BM samples were collected from 107 patients who underwent BM examination. Immunoassays were used to assess NGAL levels. Data on hematological parameters were collected from medical records. Intergroup comparisons were performed using the Kruskal‐Wallis H test and Pearson chi‐square test. Single and multiple regression analyses were performed to analyze the relationships.

Results

The independent factors that affected the BM NGAL level were neutrophil counts and BM band neutrophil%, while neutrophil count was the main influencing factor.
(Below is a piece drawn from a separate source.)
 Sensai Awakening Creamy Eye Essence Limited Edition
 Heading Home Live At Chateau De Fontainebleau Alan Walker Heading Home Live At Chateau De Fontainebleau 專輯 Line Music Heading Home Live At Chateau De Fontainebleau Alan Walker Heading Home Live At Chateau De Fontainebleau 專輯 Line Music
The acute myeloid leukemia (n = 18) and myelodysplastic syndrome (n = 25) groups showed statistically lower BM NGAL levels than patients with normal BM. The myeloproliferative neoplasm group (n = 34) showed higher BM NGAL levels than patients with normal BM, but this difference was not statistically significant. Neutrophil counts and BM band neutrophil% showed intergroup patterns similar to those of BM NGAL levels.

Conclusion

BM NGAL was related to neutrophil count and BM band neutrophil%, showing different levels according to hematological malignant disease entities.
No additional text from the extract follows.